EE 420L - Lab 5

Op-amps III, the op-amp integrator 

 

Authored by Nicholas Moya

March 5th, 2015

moyan1@unlv.nevada.edu

  

This lab report details the function of the LM324 op-amp in an integrating topology and answers questions detailing its gain frequency responce, unity-gain frequency, and wave generation.

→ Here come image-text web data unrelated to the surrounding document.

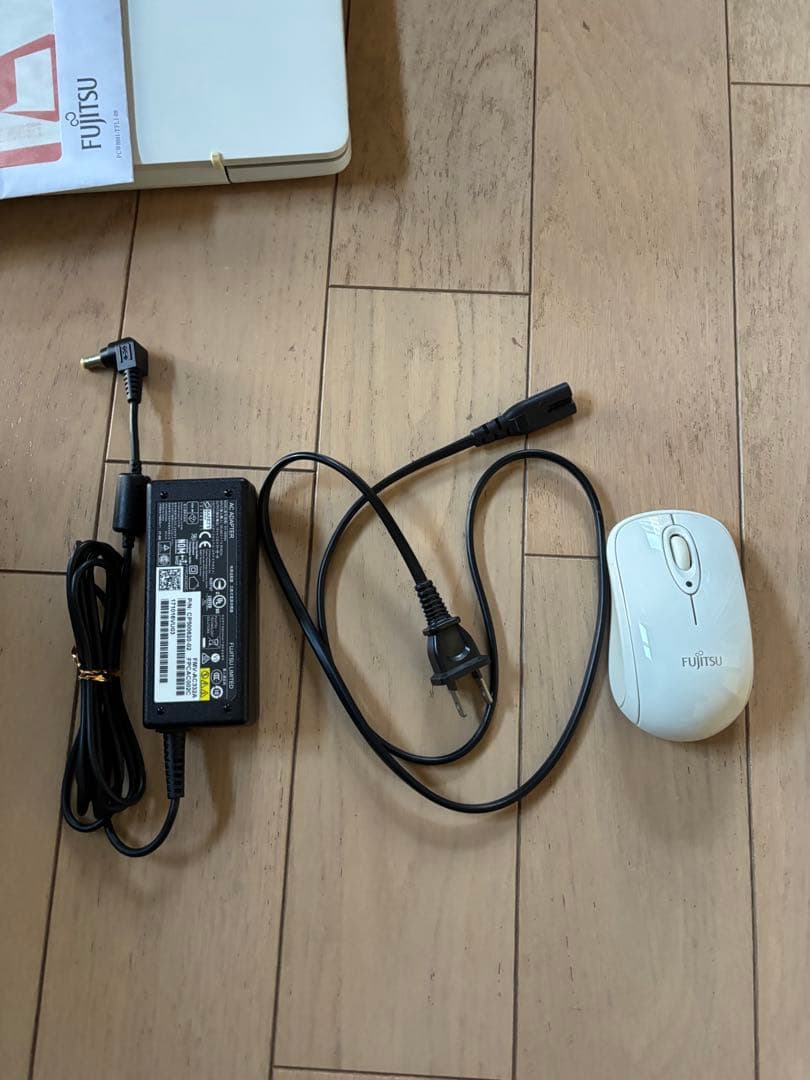 富士通 LIFEBOOK WA3/B1 ホワイト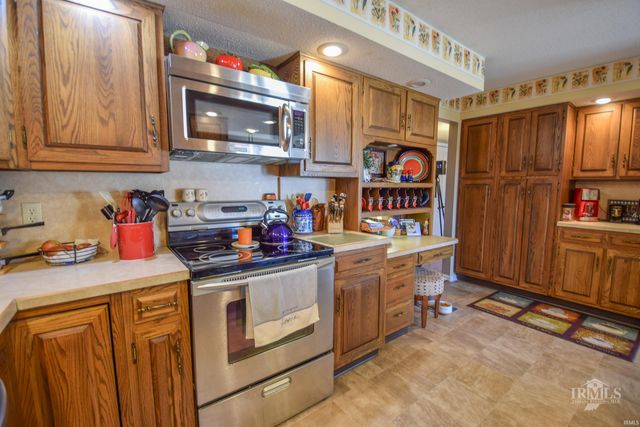 4501 N Wheeling 6B-201, Muncie, IN 47304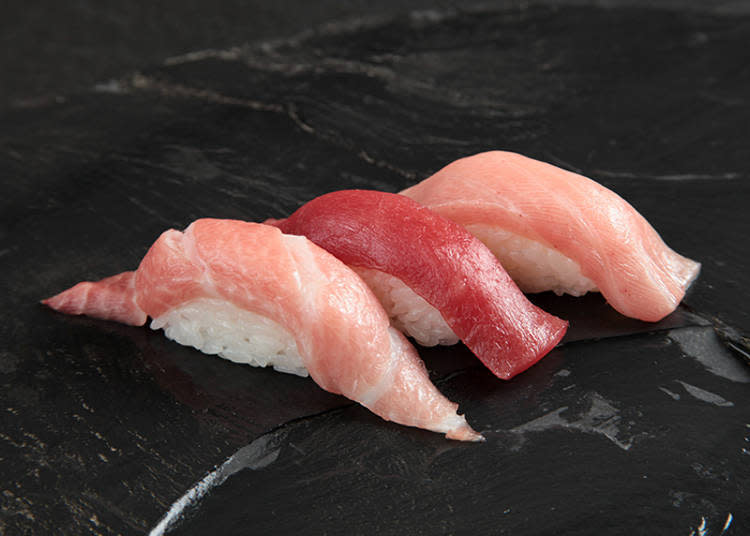 If you like tuna, try the Honmaguro Sanmi (918 yen) consisting of the three main types: otoro (fatty), chutoro (medium fatty), and akami (red meat)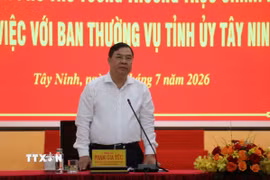 Ủy viên Bộ Chính trị, Phó Thủ tướng Thường trực Chính phủ Phạm Gia Túc phát biểu chỉ đạo tại buổi làm việc với Ban Thường vụ Tỉnh ủy Tây Ninh. (Ảnh: Bùi Giang/TTXVN)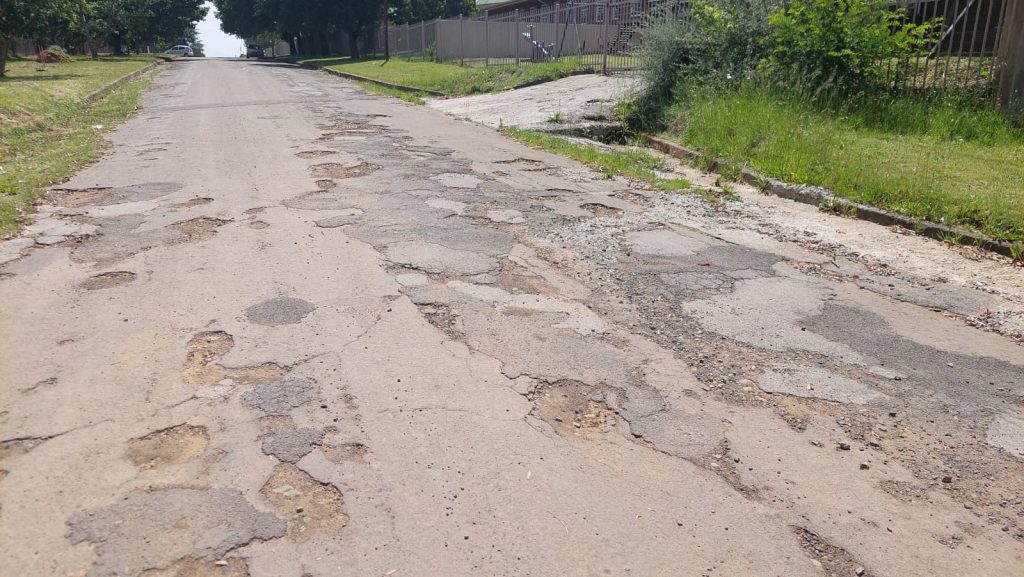 A petition to a petition to restore safety to Mangaung's roads has been launched.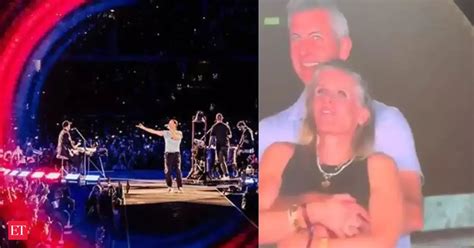 Coldplay concert clip: Astronomer CEO, HR, and 'smiling colleague' face ...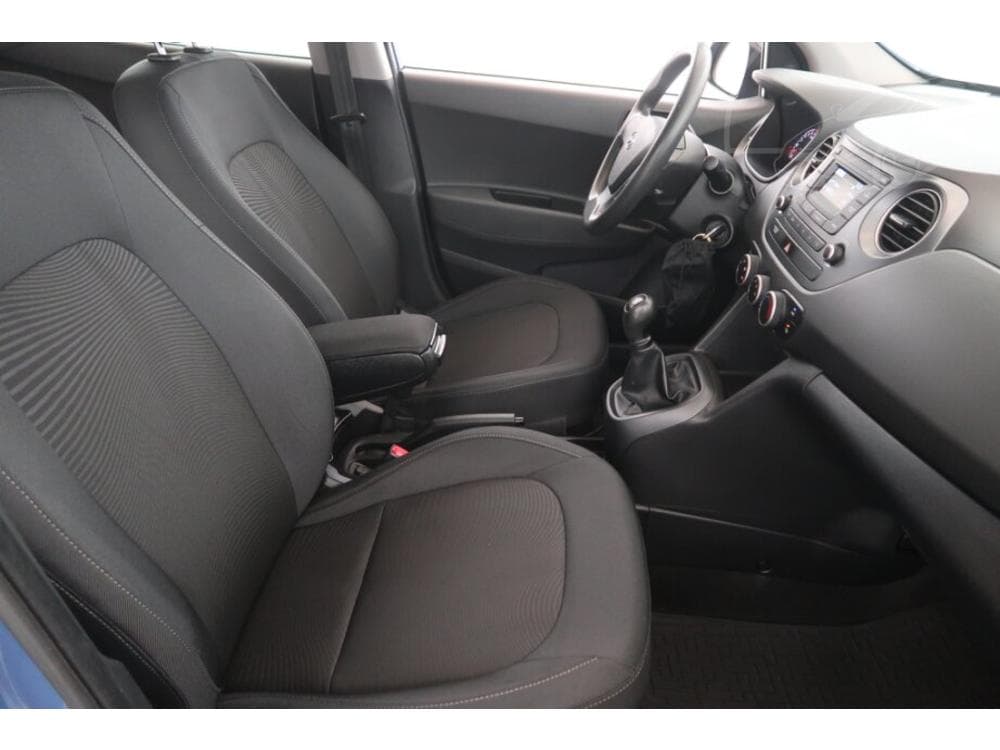 2017 Hyundai i10 - 9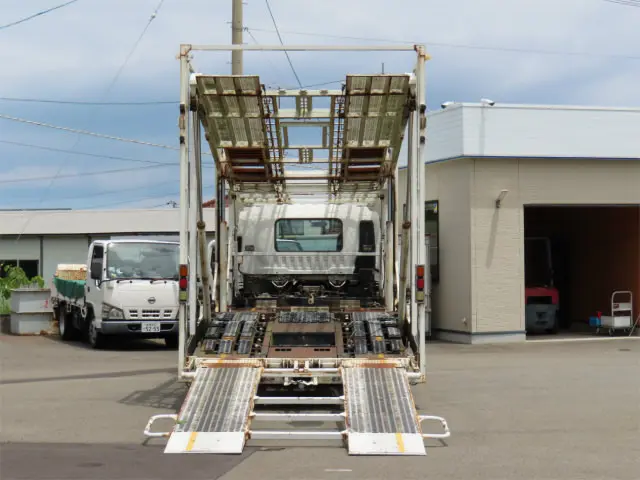 いすゞ フォワード LKG-FTR90S2(2WD)の写真9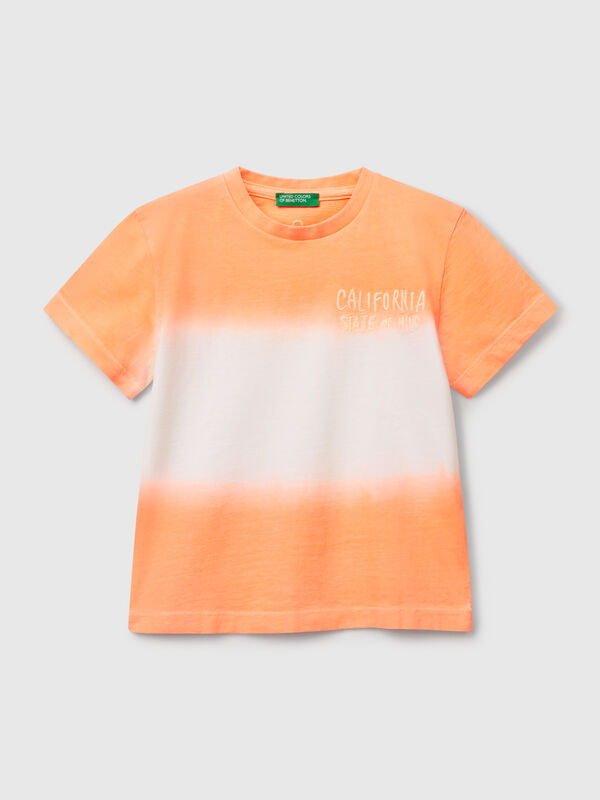 Camiseta teñida por inmersión con bordado Niño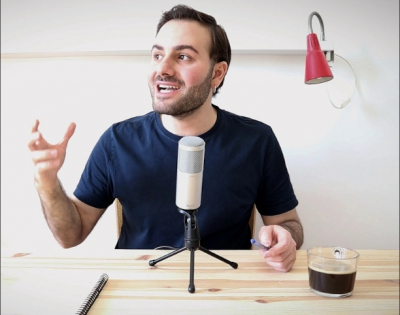 Армен Захарян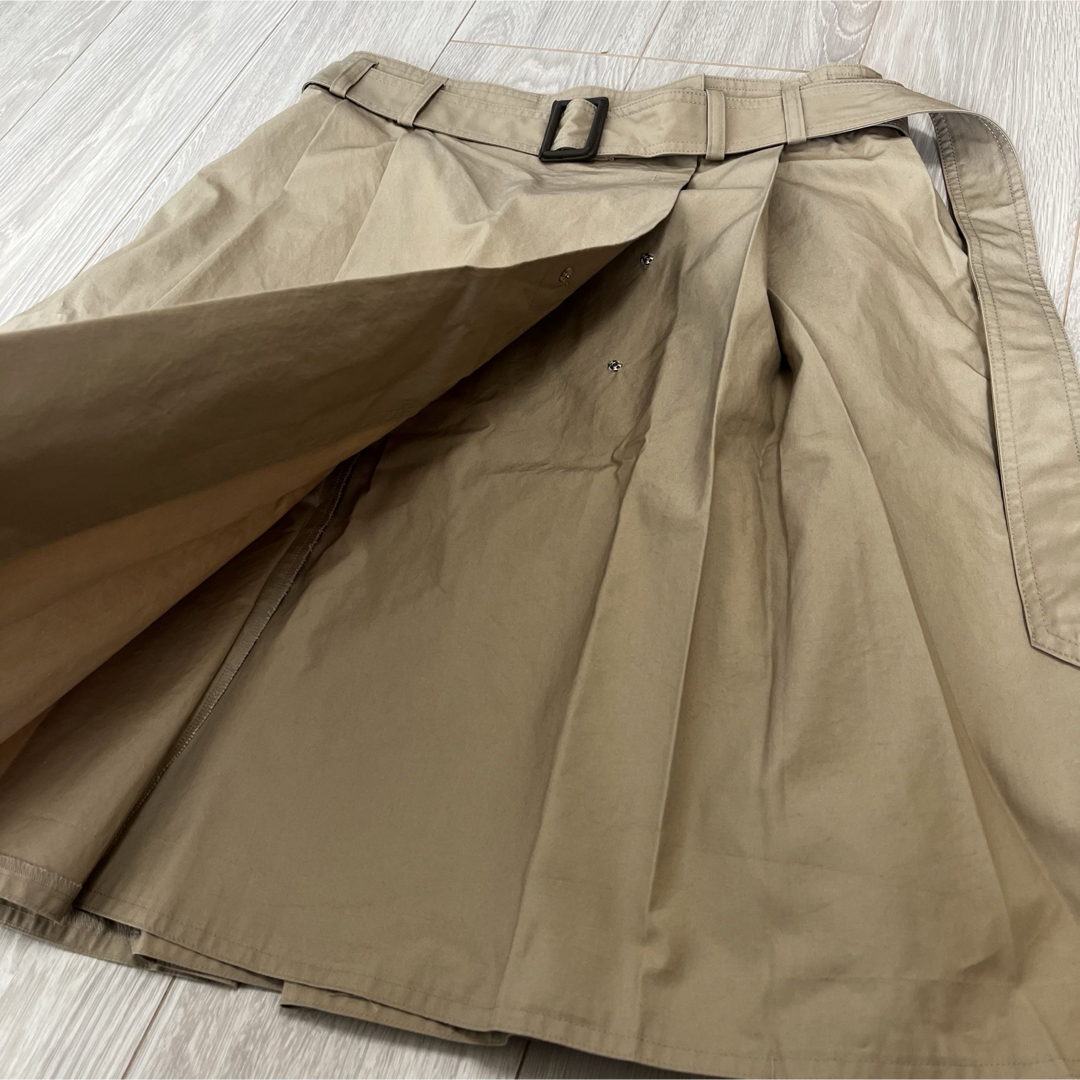 MOGA(モガ)の訳あり　MOGA モガ　日本製　プリーツスカート レディースのスカート(ひざ丈スカート)の商品写真
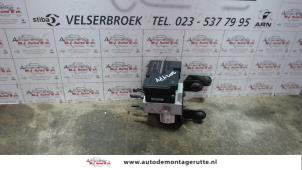 O114805 Gebruikte abs pomp Mazda 3.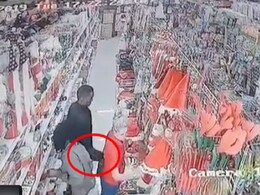 जेबकतरे ने हैंड बैग से चुराया फोन, महिला ने इस तरह लिया वापस, देखें Video जेबकतरे ने हैंड बैग से चुराया फोन, महिला ने इस तरह लिया वापस, देखें Video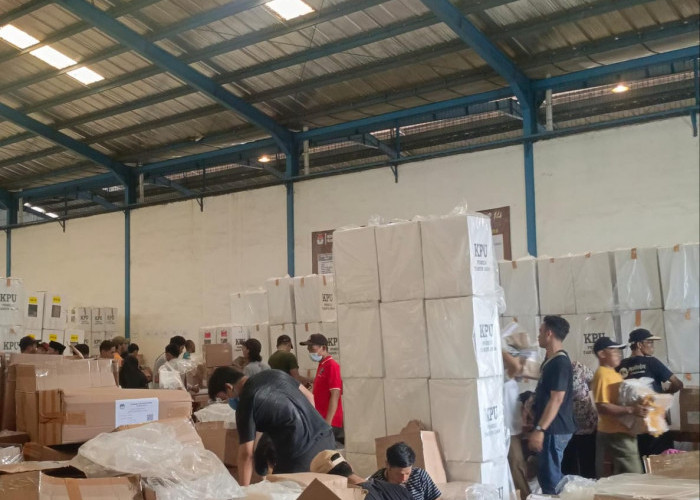 Ada Susu Terinjak-injak Saat Kericuhan Di Gudang Logistik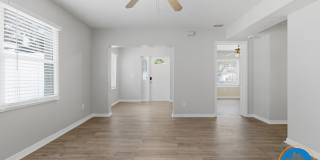 7428 37th Ave N Gallery 8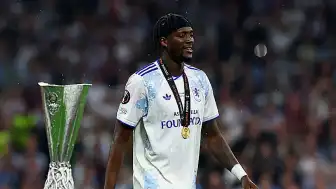 T.A., Aston Villa ile Avrupa Ligi Şampiyonu Olarak Tarihe Geçti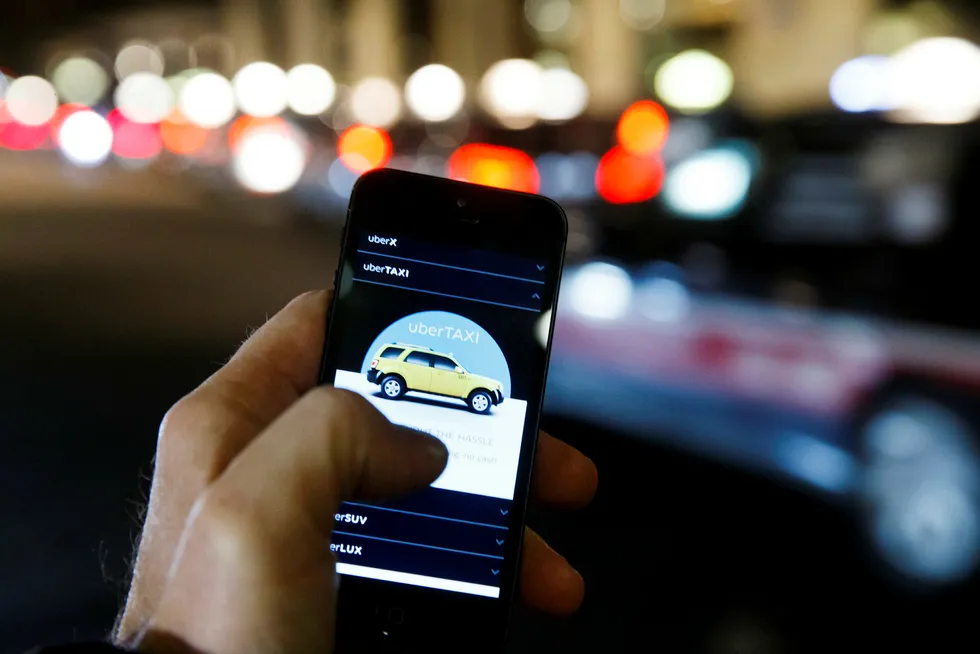 Illustrasjonsbilde av bildelingsappen Uber. Nå beskylder EFN Norges Taxiforbund for ulovlig overvåkning av Uber-sjåfører i forbindelse med anmeldelse av 105 Uber-sjåfører. Foto: Heiko Junge / NTB scanpix / TT / kod 20520 Foto: Junge, Heiko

The following questions and experiments operate the op-amp with VCC+ = +5V and VCC- = 0V.

 

 (Q) Calculate the frequency response of the following circuit. Ensure you show your clear hand calculations.

 

 integrator.JPG

 Integrator op-amp topology

 

 (A) For calculating the frequency responce of the op-amp, we focus on the ac part of the circuit, thus, our circuit simplifies to this:

 

 ltspice_integrator.JPG

 AC part of the circuit

 

 calculations.JPG

 H(jw) is the frequency responce of the systems

 

 (Q) What can you neglect to simplify the calculation?

 

 (A) We can neglect the R2 resistor for these calculations because the op amp will still be the integration (and inverting) topology. Not only that, the R2 resistor is only used for a DC feedback path but since we are only looking for the AC frequecny responce, we can neglect  R2 for these calculations. In our case, the point is moot as our DC Vp = 2.5 and our DC Vm = 2.5 so our DC gain would be 1 in any case which wouldn't disturb our calculations anyway. And if our voltages are the same, there is no voltage drop across R1 meaning there would be no DC gain.

 

 (Q) Does the circuit work if you remove the 100k? Why or why not?

 

 (A) The 100k resistor, R2, is only used as a DC feedback responce. If it is removed, DC current will have no path as the capacitor acts like an open for DC current. Removing R2 also esentially sets R2 = infinity, making our DC gain infinity which in reality would only saturate it to either our 0v or 5v rain. Thus for DC analysis, it is important for setting a stable DC gain.

 

 (Q) Does the 100k have much of an effect on the frequency response?

 

 (A) As stated earlier, the 100k resistor is only used for DC feedback and DC gain, which doesn't matter too much for AC analysis. The resistor is set to a high resistance so that most (ideally all) of the AC current flows through the capacitor, causing the capacitor to charge and discharge, which produces our triangle output waveform.

 

 (Q) Verify your calculations with experimental results.

 

 (A) The following are pictures from our oscilloscope with the circuit in the integration topology.(Yellow = Vin, Blue = Vout)

 

 IMG_20150227_095713_046.jpg

Unity gain at 10KHz.

 

 IMG_20150227_103811_509.jpg

 Scope output

 

 (Q) Show, at the unity-gain frequency of the integrator, that the input and the output have the same peak values. Is the phase shift between the input and the output what you expect? Why or why not?

 

 (A) We expect the phase shift to be +90 degrees from our earlier calculations of frequency responce. In our frequecncy responce, we produced j which translates to 90 degrees, thus our 90 degree phase shift is to be expected.

 

 (Q) Next, design, simulate, and build a square-wave to triangle wave generation circuit. Assume the input/output frequency is 10 kHz and the output ramp must swing from 1 to 4 V centered around 2.5 V. Show all calculations and discuss the trade-offs (capacitor and resistor values, input peak, min, and average, etc.)

 

 (A) The following are our results:

 

 calculations_3.JPG

 Calculations for determining R

 

 IMG_20150227_103817_268.jpg

frequency = 10k, Vin = 1.030V, DC Offset = 1.19V

 

 IMG_20150227_095757_015.jpg

 Unity gain at 10KHz

 

 Tradeoffs: A larger R will cause a larger DC gain which will make it harder to center our Vout at 2.5v as the gain will push Vout toward one of our rails of 0v or 5v. However, a large R is useful as the phase change will close to +90 degrees. Close, but still a little off as we can see from the scope output.